Sweet Potato Chickpea Bowl (Vegan)

Big bowls filled with a bunch of random things are one of my favorite meals for breakfast, lunch, or dinner. This time around I found an awesome recipe on minimalistbaker.com that I wanted to try out and it turned out incredible! So many flavors that totally came together and just WORKED. YASSS. Go try this out sometime. Sweet and savory combos for the win. 

I've made two big realizations while making this meal. 1) Japanese sweet potatoes are my new favorite kind of sweet potato to roast, and 2) Massaged kale is the way to go. It helps take the bitterness out of the super earthy plant that I used to hate. 

[Recipe adapted from Minimalist Baker]

Serves 3.



  • 1-2 TB olive oil or spray
  • 1/2 red onion, sliced in wedges
  • 2-3 medium sweet potatoes, halved
  • 1 head of broccoli, chopped, stems removed
  • 2 big handfuls kale, large stems removed (I used the tops of 2 bundles of kale)
  • salt and pepper (about 1/4 tsp each or to taste)

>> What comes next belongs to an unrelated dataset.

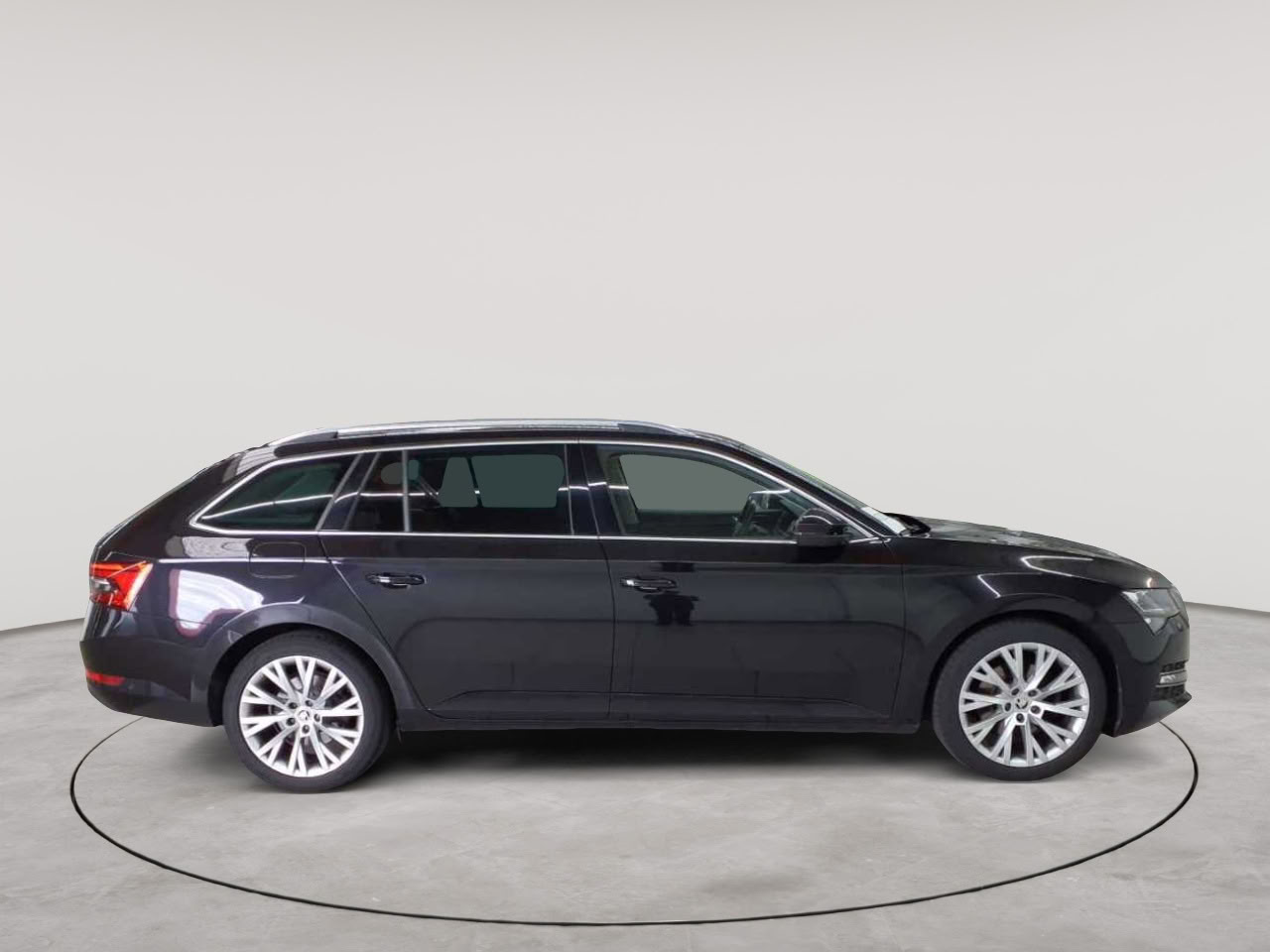 Skoda Superb Combi 2.0 TDI 4x4 DSG Premium Edition 3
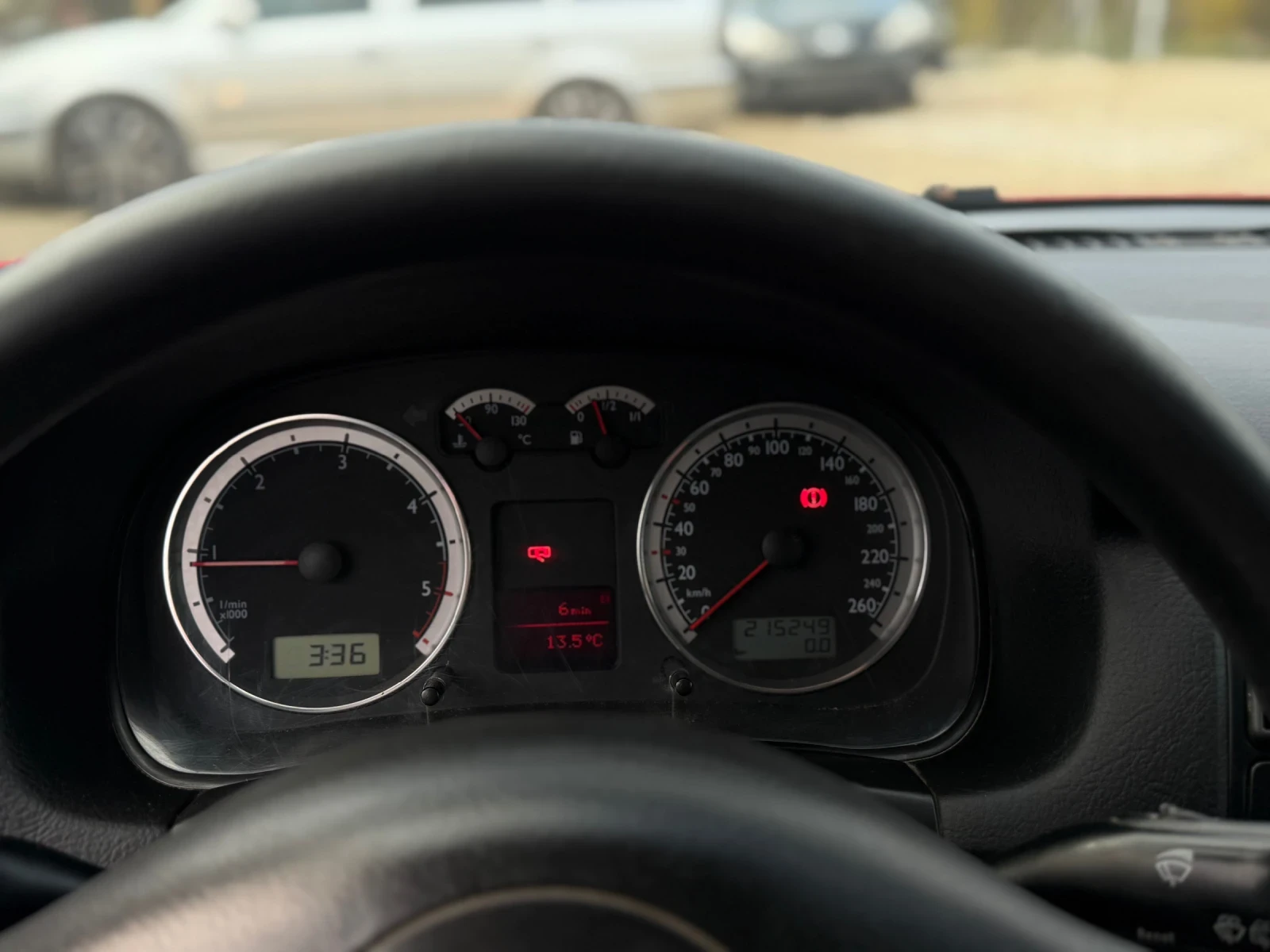 VW Golf 1.9~TDI~GT, снимка 10 - Автомобили и джипове - 54044468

  • 1 15-oz can chickpeas, drained, rinsed, patted dry
  • 1 tsp cumin
  • 3/4 tsp chili powder
  • 3/4 tsp garlic powder
  • 1/4 tsp each salt + pepper
  • 1/2 tsp oregano (optional)
  • 1/4 tsp turmeric (optional)

Tahini Sauce:

  • 1/4 cup tahini
  • 1 TB maple syrup
  • 1/2 lemon, juiced
  • 2-4 TB hot water to thin


  1. Preheat oven to 400°F and lay sweet potatoes and onions on a baking sheet. Drizzle or spray with olive oil. Make sure the sweet potato flesh is well coated. Place the sweet potatoes skin side down on the baking sheet. Roast for 15 minutes in the oven.
  2. Place broccoli florets in a bowl and toss with a little olive oil, salt, and pepper. Take out the baking sheet from the oven, flip the sweet potatoes, and add the broccoli to the pan. 
  3. Bake for about 10-15 more minutes. Add the chopped kale to a bowl and toss/massage with a little bit of olive oil, salt, and pepper. Remove the pan from the oven and add the kale. Bake for 5 minutes and set aside. **Side note: For me, the sweet potatoes needed a little more time baking to get soft (really just depends on the size of the potato). So, if you think they still need a little more time baking but the other veggies are done, just remove the cooked veggies and bake the 'taters a little longer until they get all soft and tender.
  4. Meanwhile, in a medium sized bowl, add chickpeas and toss with seasonings.
  5. Heat a large skillet over medium heat. Once hot, add 1 TB oil and the chickpeas. Sauté, stirring frequently. If browning too quickly, turn down heat. If there isn't any browning happening, turn up the heat. Cook for about 10 minutes.
  6. Once chickpeas are browned and fragrant, remove from heat and set aside.
  7. Prepare the tahini sauce by adding tahini, maple syrup, and lemon juice to a small mixing bowl, whisking to combine. Add 2-4 TB hot water until it looks like the consistency of a pourable sauce. 
  8. To serve: Slice the sweet potatoes into bite sized pieces. Divide veggies between 3 serving bowls. Top with chickpeas and tahini sauce.
  9. Enjoy this delightfully nutritious and flavorful bowl! Best served right away, but you can store leftovers in the fridge for a few days. For me, it tasted just as great a couple days later. S'GOOD :)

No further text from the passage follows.